The generic plantings along the right side of the 11th hole seem tragic considering the former width of that fairway. But the cloistering effect of the added pines on 7 and 17 are more offensive, completely erasing the roles they used to play by now forcing contestants to thread cautious drives on what had always been shortish, sporty, swing-hole par-4’s.

Eleven, on the other hand, always was a difficult hole—any player in the field would gladly take four fours there if offered Thursday morning. Modern equipment, 320-yard drives and a 70-yard wide fairway, however, threatened to make it obsolete. While saddening, the added trees, by putting more pressure on the drive, help maintain the 11th’s historic integrity—not as one that gives players options but as one of the course’s most demanding par-4’s and a critical gateway before the second nine’s scoring run.
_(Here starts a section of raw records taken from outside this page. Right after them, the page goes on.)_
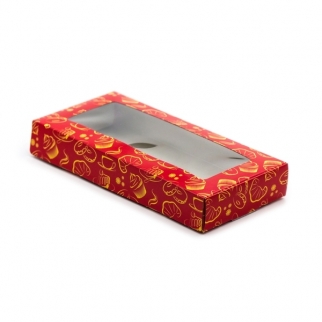 Упаковка для зефира с окном - "Красная с рисунком, 26х12х3,8 см." (Упаковка 1 шт.) фото 3129
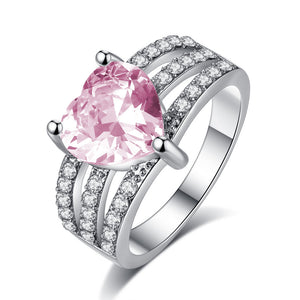 Beiver - Rose Gold Color AAA+ Pink CZ Heart Clear Crystals Cluster Adjustable Finger Ring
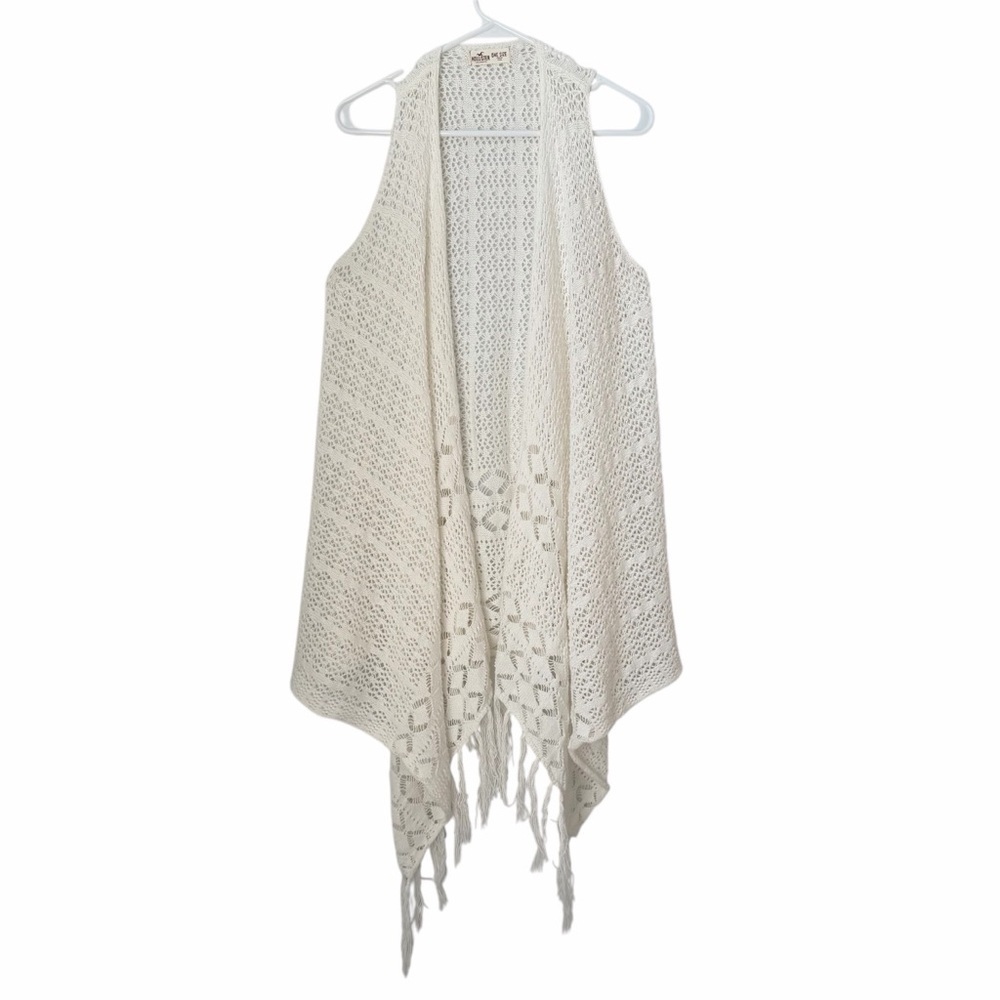 Hollister Crochet Cream Fringe Long Vest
From the aesthete’s perspective—in a vacuum—the golf course is not being presented in its ideal format and an element of shwashbucking has been given up. And in another time and place, one in which 370-yard carries off the tee weren’t looming on the horizon, the new trees and first cut of rough would be removed.

But like great Renaissance and Baroque masterworks that were painted by and meant to be observed by candlelight, and yet now hang in bright and crowded museum halls, Augusta National’s current presentation serves a greater good, its own greater good—the Masters.

The seventh hole then…
…and now.

The course’s architecture may not be optimal but it’s optimized. It’s ability to defend itself with slick contour, angles and psychological pressure has been neutered by unchecked advancements in technology.

Were there alternative choices that could have been made to preserve the pre-Tiger architecture without making the course vulnerable to complete domination? Perhaps, but maybe not. Whether we care to admit it, there’s a scoring range at the Masters we’d all like to see kept relevant.

So, understanding that Augusta National’s mission now, as it was then, is to put on what many consider the finest sporting event in the world, it may be time for historians, commentators and architecture types to stop invoking the loss of Jones’ and MacKenzie’s “original intent.”

However that lost original intent is defined, it wasn’t and isn’t necessary to produce great tournament golf.

That intent hasn’t existed in any real way for almost 80 years anyway, unless that strictly means wide corridors and angles, which, for the most part, still exist. And the paradox of continuing to invoke original intent is that Jones himself was instrumental in removing and replacing it. Jones’ course wasn’t victimized by others. That must be acknowledged.

So what’s wrong with Augusta? To answer you must ask, what’s wrong with the Masters? For most people tuning in, the answer is “not much.” And while some sense of lost architectural purity may be offended, I’m guessing we’ll all be tuning in on Sunday.

And that’s kind of the whole point.

One Reply to “What’s Wrong With Augusta?”

  1. Masterful thinking and writing. While lamenting what was lost from the original Mackenzie design, Mr Duncan encapsulates all that was gained in modern relevance and challenge.